● **Activity**: For the word "World", state the number of lines in the data that contain it, and nothing else.

====

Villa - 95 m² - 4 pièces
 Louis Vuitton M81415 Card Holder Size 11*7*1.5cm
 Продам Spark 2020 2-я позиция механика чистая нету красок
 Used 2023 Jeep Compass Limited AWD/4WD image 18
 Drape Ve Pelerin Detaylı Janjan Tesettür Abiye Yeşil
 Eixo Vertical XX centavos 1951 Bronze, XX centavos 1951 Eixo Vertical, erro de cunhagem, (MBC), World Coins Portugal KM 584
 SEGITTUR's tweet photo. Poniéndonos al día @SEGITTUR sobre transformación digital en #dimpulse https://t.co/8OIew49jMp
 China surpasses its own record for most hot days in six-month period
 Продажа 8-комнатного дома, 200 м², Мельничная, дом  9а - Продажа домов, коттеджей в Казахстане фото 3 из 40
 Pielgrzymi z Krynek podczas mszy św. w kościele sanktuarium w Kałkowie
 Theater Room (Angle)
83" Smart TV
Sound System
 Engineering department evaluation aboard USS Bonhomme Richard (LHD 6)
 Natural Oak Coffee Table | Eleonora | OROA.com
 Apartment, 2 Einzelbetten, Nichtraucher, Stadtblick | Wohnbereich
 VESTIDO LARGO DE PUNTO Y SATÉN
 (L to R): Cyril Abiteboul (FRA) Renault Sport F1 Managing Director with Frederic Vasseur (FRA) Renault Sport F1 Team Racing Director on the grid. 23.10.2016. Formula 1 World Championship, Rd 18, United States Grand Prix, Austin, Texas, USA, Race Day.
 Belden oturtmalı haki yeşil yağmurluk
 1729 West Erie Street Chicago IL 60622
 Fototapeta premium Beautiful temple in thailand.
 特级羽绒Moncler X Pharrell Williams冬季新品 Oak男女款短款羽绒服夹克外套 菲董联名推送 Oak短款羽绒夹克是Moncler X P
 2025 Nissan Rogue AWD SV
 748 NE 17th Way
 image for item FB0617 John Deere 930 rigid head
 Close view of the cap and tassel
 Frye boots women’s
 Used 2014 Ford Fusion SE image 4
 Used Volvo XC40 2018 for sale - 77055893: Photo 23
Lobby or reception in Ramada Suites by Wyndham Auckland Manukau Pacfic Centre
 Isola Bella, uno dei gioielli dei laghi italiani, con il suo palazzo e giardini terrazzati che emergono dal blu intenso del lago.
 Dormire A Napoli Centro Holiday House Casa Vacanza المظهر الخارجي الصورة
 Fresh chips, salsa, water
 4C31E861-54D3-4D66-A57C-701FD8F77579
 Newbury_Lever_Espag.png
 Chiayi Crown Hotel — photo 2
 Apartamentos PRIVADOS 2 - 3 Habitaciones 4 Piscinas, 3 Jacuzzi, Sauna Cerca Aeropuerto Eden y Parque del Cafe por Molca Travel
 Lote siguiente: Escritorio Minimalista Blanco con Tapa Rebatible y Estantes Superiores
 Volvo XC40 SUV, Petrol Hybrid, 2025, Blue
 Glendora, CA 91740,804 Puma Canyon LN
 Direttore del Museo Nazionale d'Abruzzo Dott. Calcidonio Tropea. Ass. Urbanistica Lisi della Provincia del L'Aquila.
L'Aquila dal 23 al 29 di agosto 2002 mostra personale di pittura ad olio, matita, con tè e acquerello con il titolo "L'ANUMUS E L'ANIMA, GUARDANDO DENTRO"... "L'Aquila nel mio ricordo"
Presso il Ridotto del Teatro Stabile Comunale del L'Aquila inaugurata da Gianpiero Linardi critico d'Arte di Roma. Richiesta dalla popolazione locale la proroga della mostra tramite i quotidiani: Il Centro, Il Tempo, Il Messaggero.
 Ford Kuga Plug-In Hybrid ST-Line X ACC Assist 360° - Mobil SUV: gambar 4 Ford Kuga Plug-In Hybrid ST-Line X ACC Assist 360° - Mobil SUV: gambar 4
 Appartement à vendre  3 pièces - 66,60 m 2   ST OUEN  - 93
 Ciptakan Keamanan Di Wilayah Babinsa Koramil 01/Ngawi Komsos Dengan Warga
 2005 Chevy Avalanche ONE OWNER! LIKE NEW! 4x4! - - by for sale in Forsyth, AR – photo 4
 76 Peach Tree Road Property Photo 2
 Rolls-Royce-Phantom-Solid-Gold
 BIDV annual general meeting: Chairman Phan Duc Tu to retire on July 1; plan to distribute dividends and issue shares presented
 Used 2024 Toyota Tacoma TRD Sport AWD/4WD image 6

====

● **Exercise result**: 2